Allerdings haben die Bürger vor dem Hintergrund der IHK-Erhebung gute Gründe, die Berechnungen ihrer Wasserbetriebe zu erfahren.

Es scheint so, der IHK ist die Erhebung der Wasserpreise eigentlich nur die Folie dafür, die Privatisierung der Wasserwirtschaft zu propagieren. Die IHK-Vertreter meinen, dann würde effizienter gearbeitet, und die Wasserpreise würden sinken. Die Privatisierung der Wasserwirtschaft war dort, wo schon praktiziert, bisher keine Erfolgsstory für die Bürger und meistens auch nicht für die Städte und Kommunen. Man braucht zum Beleg nicht in der Ferne die Privatisierungskatastrophen von Wasser in Südostasien und Lateinamerika anzuführen.

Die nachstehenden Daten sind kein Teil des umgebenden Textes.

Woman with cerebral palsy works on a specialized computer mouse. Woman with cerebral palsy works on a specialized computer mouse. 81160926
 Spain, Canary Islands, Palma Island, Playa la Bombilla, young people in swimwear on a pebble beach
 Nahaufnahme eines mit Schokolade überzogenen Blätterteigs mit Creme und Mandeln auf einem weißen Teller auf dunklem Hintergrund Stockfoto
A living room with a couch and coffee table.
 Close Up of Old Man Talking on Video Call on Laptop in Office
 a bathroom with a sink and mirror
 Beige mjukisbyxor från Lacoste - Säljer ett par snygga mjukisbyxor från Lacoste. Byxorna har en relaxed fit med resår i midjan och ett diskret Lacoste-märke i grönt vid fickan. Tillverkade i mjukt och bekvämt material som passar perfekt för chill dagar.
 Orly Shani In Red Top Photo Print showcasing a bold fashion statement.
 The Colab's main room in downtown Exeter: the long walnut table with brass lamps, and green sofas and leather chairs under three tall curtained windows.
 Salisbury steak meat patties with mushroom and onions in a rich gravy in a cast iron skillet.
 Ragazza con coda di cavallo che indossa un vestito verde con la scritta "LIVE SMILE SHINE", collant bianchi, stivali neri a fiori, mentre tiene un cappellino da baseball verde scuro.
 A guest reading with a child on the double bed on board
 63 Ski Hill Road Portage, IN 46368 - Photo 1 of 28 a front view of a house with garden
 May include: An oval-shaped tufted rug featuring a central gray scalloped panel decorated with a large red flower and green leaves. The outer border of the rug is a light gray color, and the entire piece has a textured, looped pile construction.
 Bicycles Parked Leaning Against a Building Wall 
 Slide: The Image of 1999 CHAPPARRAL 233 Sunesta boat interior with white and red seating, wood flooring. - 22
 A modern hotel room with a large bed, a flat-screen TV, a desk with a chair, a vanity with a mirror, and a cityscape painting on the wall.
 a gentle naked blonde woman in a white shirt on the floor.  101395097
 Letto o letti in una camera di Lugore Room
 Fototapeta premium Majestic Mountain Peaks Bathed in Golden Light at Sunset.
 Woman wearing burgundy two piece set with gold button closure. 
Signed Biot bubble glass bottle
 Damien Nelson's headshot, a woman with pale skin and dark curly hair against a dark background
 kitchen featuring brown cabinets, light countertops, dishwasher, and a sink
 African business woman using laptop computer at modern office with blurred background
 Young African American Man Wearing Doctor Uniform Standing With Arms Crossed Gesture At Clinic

Großbritanniens Wasserversorgung ist seit 1989 privatisiert. Die maroden, druckanfälligen Rohre zu reparieren, ist extrem teuer. Ständig werden Londons Straßen gesperrt, weil Rohre geplatzt sind. Das Versorgungsunternehmen „Thames Water" senkte den Druck einfach ab. Mit der Folge, dass das Wasser schon seit Jahren nicht immer und überall in die oberen Stockwerke steigt.

Um das horrende Schuldenloch zu verkleinern, verkaufte Berlin seine Wasserwerke an zwei Global Player: „Thames Water'' gehört zum deutschen RWE-Konzern. „Veolia" ist ein französischer Riese. Seit 1999 halten beide knapp die Hälfte der Anteile. Die Wasserpreise steigen. Geheime Zusatzverträge garantieren den Privaten die volle Verfügungsgewalt und einen hohen Gewinn. Wenn dieser nicht erwirtschaftet werden kann, garantiert der Berliner Senat eine Mindestrendite. Verschiedene Städte betreiben inzwischen enttäuscht die Rekommunalisierung der privatisierten Wasserversorgung.

Allerdings sind die Probleme des Wasserpreises und der Wasserqualität nicht ausschließlich auf den Aspekt der Privatisierung zu reduzieren, da hat Paul Braun Recht. Das Motto, „Wasser gehört nicht an die Börse, sondern ins Rathaus", trifft nur zur Hälfte. Wasser ist ein Lebensgut, man kann es durch nichts ersetzen. Vor diesem Hintergrund darf Wasser nicht kommerzialisiert werden, egal ob in privater oder kommunaler Regie. Es muss eine öffentliche Aufgabe der Daseinsvorsorge für die Bürger bleiben, dass Wasser in bekannter hoher Qualität und zu moderaten Preisen zu erhalten ist.